No wonder the Professor did not answer the Master’s question. Today, when it comes to Raul Castro’s reforms that in an ever-changing and capricious landscape that hides a clan’s control while a new image of legitimacy is created, would Moreno Fraginals rely on the laws of objectivity in a transition from communism to capitalism? And would Lezama Lima respond to him with an “Ah… And when we will Cuba have a history of qualitative capitalism?” Poetry asks impossible questions that history can answer, though it finds it inconvenient to do so.

2.

Today, by either vocation or duty, Cubanologists discuss their theories about the island. They have placed their bets for quantitative changes on the seat of power, avoiding any consultation with the will of the Cuban people. For many of them the Revolution is a victim, not the victimizer, and as such is granted the right to not disappear. Because of this, throughout all of American academia, an anti-Castro stance is practically considered intellectual harassment.

Therefore, Cubans are supposed to have no other alternative than to collaborate with the government in the construction of controllable capitalism that is already irreversible while the country’s socialistic constitution remains “irrevocable.” In this scam of a transition, borne of short memories where horrors become simply errors, liberty becomes an encumbrance threatening to make everything end in a debacle. And it is this astute death threat that forces us to be loyal as a post-socialist substitute for legality.
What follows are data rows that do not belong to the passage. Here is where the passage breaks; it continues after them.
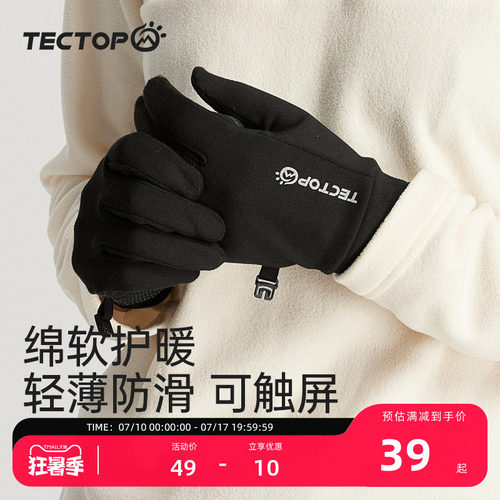 户外保暖防滑手套可触屏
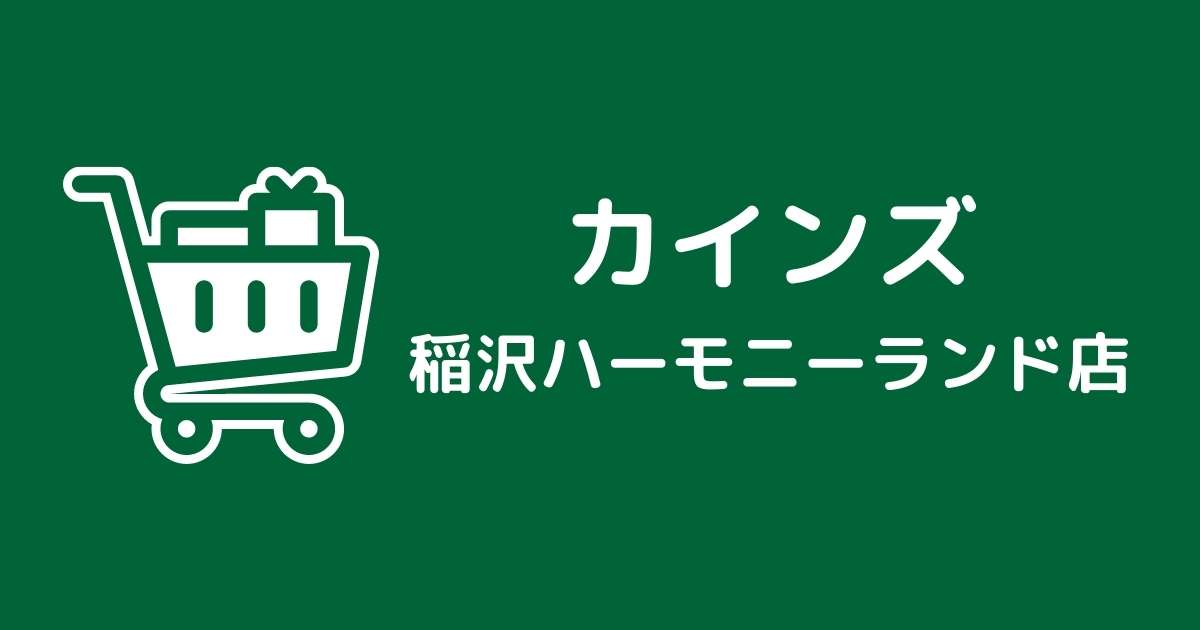 カインズ稲沢ハーモニーランド店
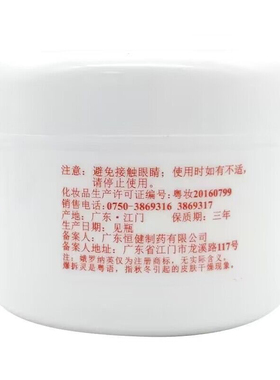 爆拆灵爆拆灵霜身体乳霜润肤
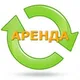 Аренда в Ереване / Rent in Yerevan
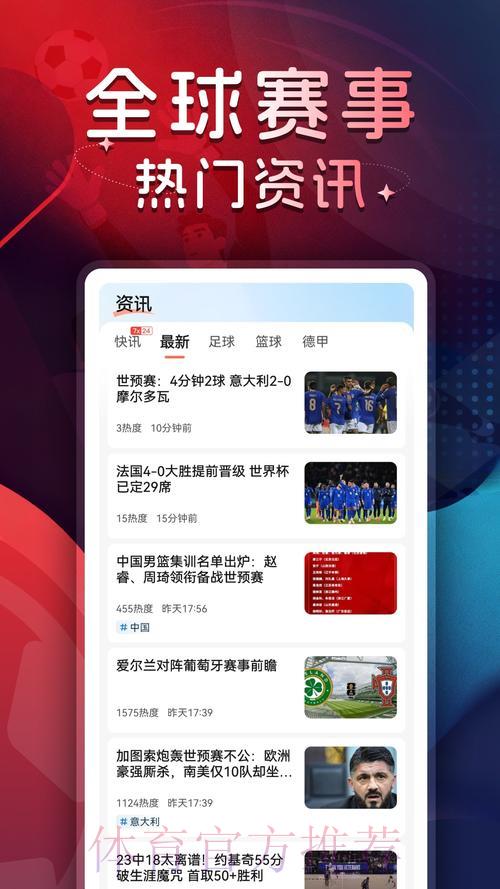 2026世界杯预测软件下载，全平台官方推荐入口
“A country is not run like a campsite,” another poet once told to another general. But those who once dressed in olive-green uniforms and now as the new generation wear business suits, have turned the country into a campsite so as not to fully contradict Jose Marti’s words to Maximo Gomez. Citizens are abundant, but soldiers are saviors: the disinterest of the former is secondary to the discipline of the latter. The year 2018 is being called the new 1958. After 60 years of solitary power, biology finally brings us a calendar without the Castros. But after waiting for so long, we Cubans can now wait a little more. We have become accustomed to the family legacy that leaves us the choice between a parliamentarian sexologist and a colonel –like Putin– from the Ministry of the Interior. One is in charge of reproduction and the other of repression; she is in charge of pleasure, he of power; academia and military; diplomacy and impertinence; masquerade and malice.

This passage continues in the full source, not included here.